By Max Clarke
Three major research and development projects that will help to develop the wave and tidal stream energy technologies of the future are set to benefit from government investment of over £2.5 million.
The investment, from the government-backed Technology Strategy Board, will help to finance research and development focussing on supporting and underpinning the deployment of pre-commercial, full scale devices installed and operating in the sea.
The companies leading the three projects are Bauer Renewables Ltd, Pelamis Wave Power Ltd and Marine Current Turbines Ltd. The total value of the research and development work, including contributions from the participating companies, will be over £9 million. Seven British companies and three universities will be involved in the work.

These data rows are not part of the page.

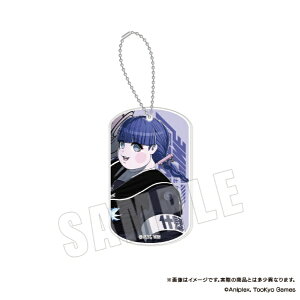 EMPTYbGveB HUNDRED LINE -ŏIhqw- ANL[z_[15.@r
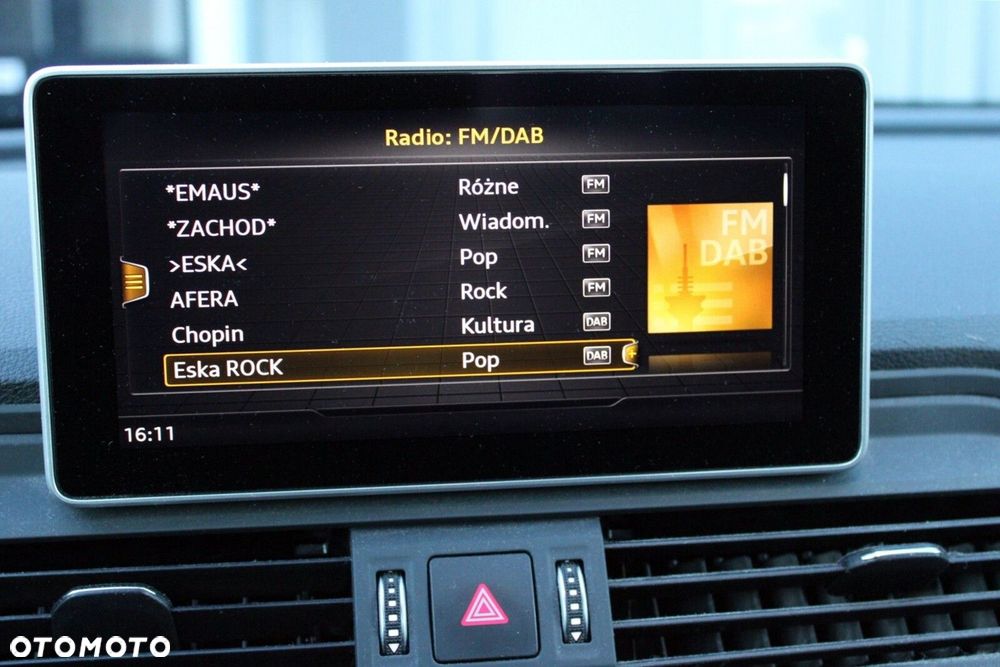 Audi Q5 2.0 TFSI Quattro S tronic - 24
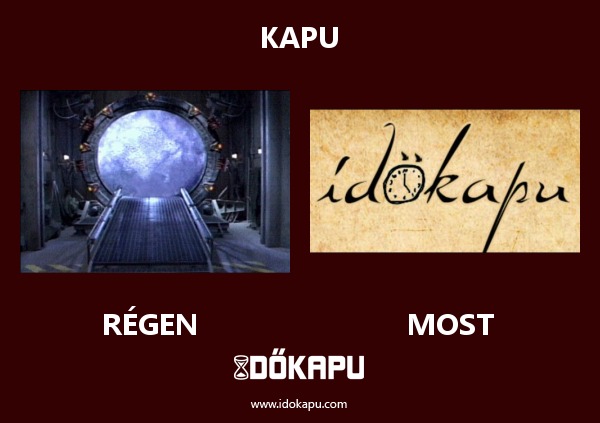 Kapu
 
 title=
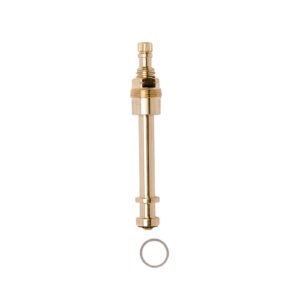 STEM UNIT FOR PRICE PFISTER LH COLD ( LOW LEAD)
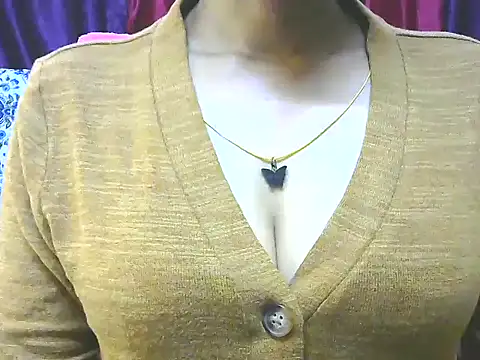 ishmita99's cam snapshot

Bauer plan to design, manufacture and test novel seabed drilling technology for the installation of underwater device foundations aiming to reduce the cost of installation and deployment of tidal energy devices. The Pelamis-led project will test two P2 machines in an array, for the first time, to prove and demonstrate survivability, reliability, operability, maintainability and energy yield. Marine Current Turbines will research the impact of tidal arrays on the marine environment, through studies conducted of the SeaGen device at Strangford Lough in Northern Ireland.
Iain Gray, Chief Executive of the Technology Strategy Board, said:
“Investment in these projects will accelerate the pace of development of marine renewable energy in the UK. The projects will address a number of important technological challenges, including reducing the effect of the technologies on the environment and making the cost of wave and tidal stream energy production more competitive with other renewable energy sources. The UK is well placed to exploit wave and tidal stream energy resources and this kind of technology will be an important part of the renewable energy mix needed in the future”
This is the second recent investment by the Technology Strategy Board in wave and tidal stream energy technologies. In July 2010 the Board announced investments totalling £7 million in nine research and development projects, focussing on the twin aims of driving down the cost of energy while improving the reliability and performance of wave and tidal stream energy devices.